Build for data, data by design
The trouble is, our current platforms can’t support the promise of this kind of automation, because the way they’re wired don’t support the main cornerstone of AI: a smart data store where all of the tools and processes (graph technology, machine learning, natural language) that breath intelligence and automation into our next generation services can be applied.
As mentioned, raw content and data currently tends to be extracted and integrated with a predefined set of endpoints in mind - for, say, a catalogue-based website.
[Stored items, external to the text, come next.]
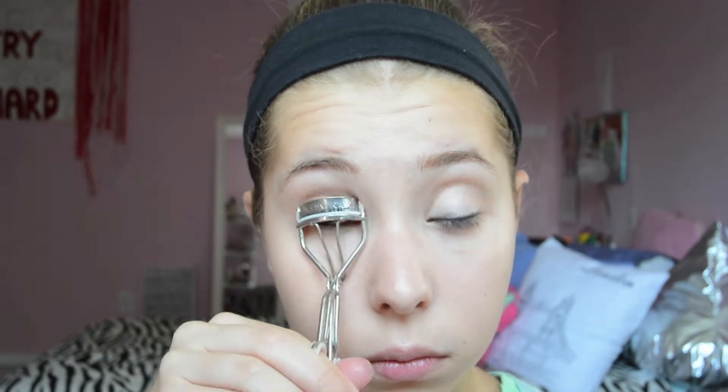Curl your lashes and apply your favorite mascara to both top and bottom. I have really straight lashes, so using a lash comb I'm pushing up my lashes while they're still wet to keep the curl.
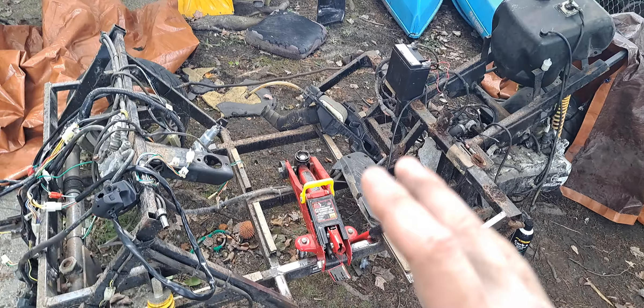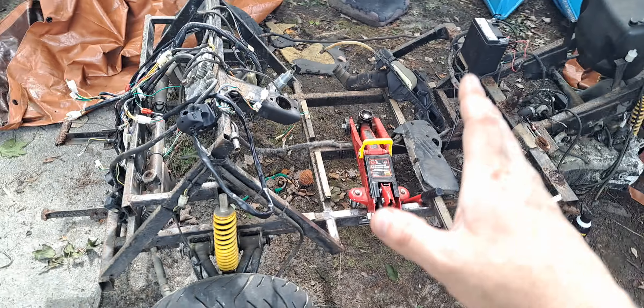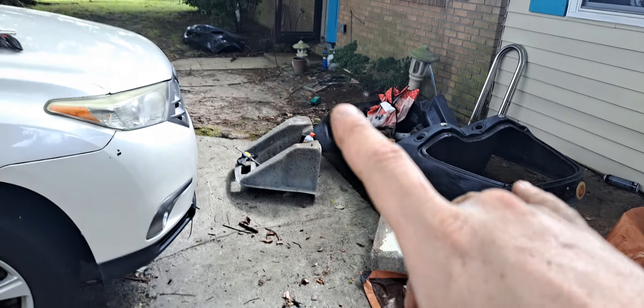Quick update about the scoot coop — as you can see, we are down to the frame. Next video we are going to be fully removing and stripping all of the old underbody paint and replacing it with new, as well as getting rid of all the rust, and also sanding and painting the body.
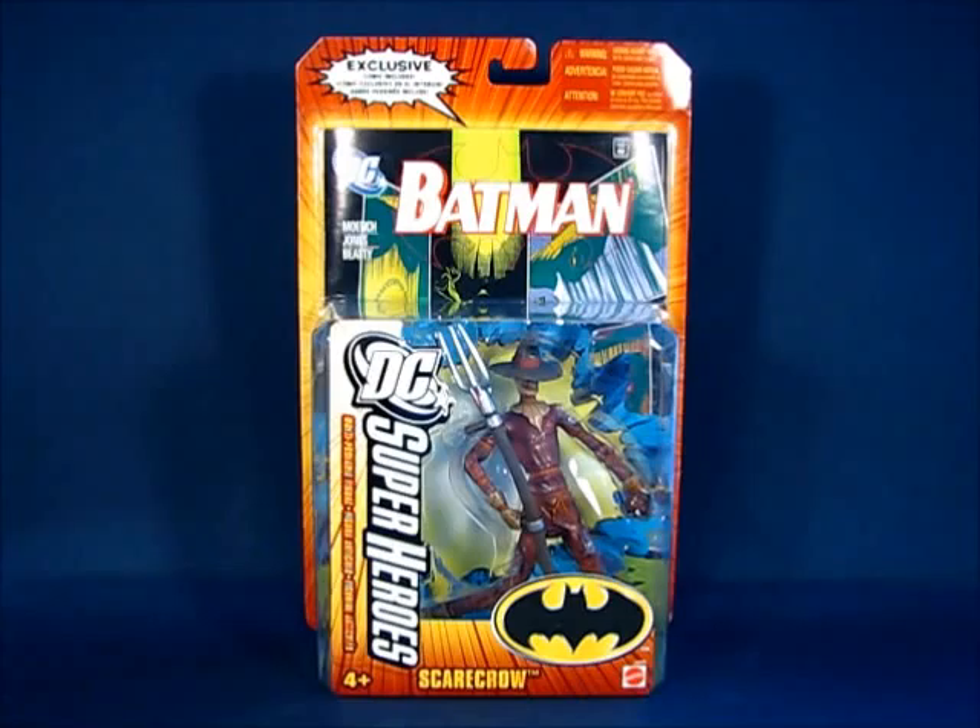Hey there folks, today I'd like to take a casual peek into the DC Super Heroes Scarecrow Action Figure Set by Mattel. This figure set is part of the first series of the DC Super Heroes 6-inch scale line of action figures and was first released in 2006. I got this set in 2011 as a purchase from eBay and ended up paying about $25 with free shipping.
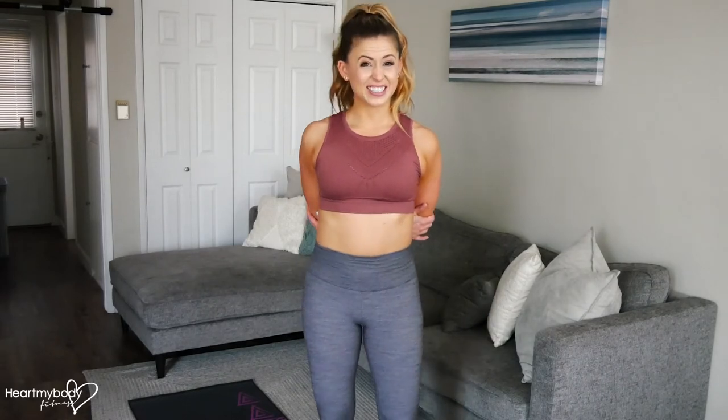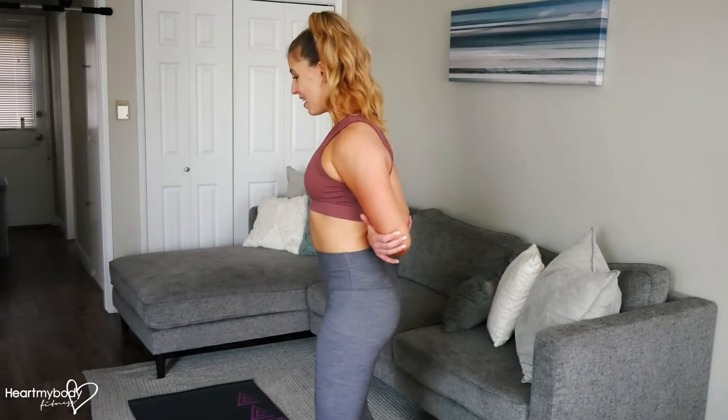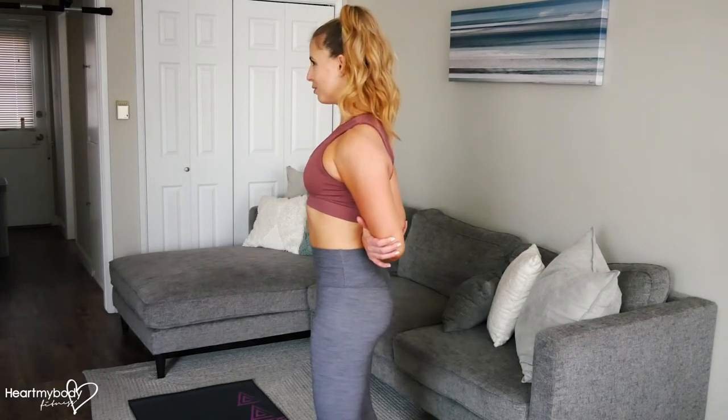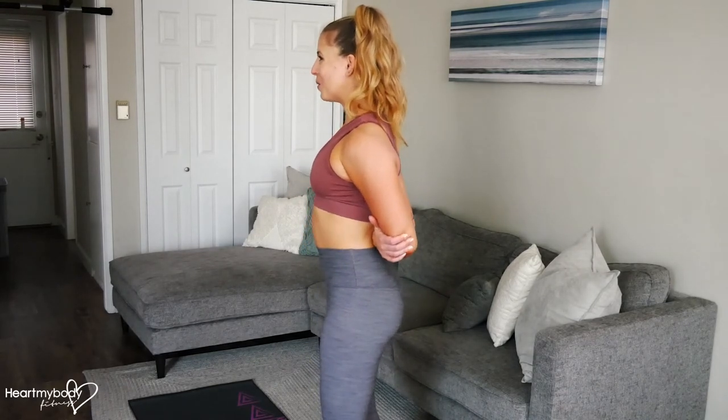You should feel this stretch coming through the front of your shoulders. And you'll notice from the side, I don't have my back arched — that would take it out of my shoulders. Try to maintain your normal posture as you hold.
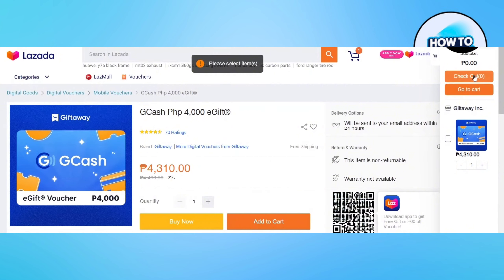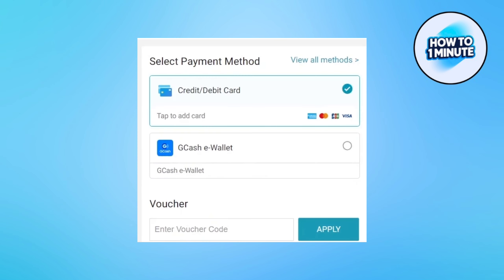After that click checkout. Then select the payment method, enter the card details and proceed. So that's how you convert Lazada Pay letter to Gcash.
This way of building things won’t support the promise of an AI-driven future because the new user experiences we are looking to design (natural language assistants, automated and personalised recommendation engines, etc) need to be defined and delivered via software rather than hand-cranked code.
When it comes to the delivery of new automated services, just like the shifts we’ve experienced in mobile, we’ve started to hit a limit on what we can do with our system components. Like Dr Frankenstein, we’re trying to build our new environments using a bunch of old body parts, often in the wrong order. (And we know this approach doesn’t end well!)
Chatbots may come and go, but our next generation platforms must be data-driven by design. And all our development efforts ought to be geared to the creation and future growth of our data assets because they will be our single most valuable asset of the future.
This is where all of our system intelligence will ultimately reside: ready for reuse across many different environments, formats, users and devices.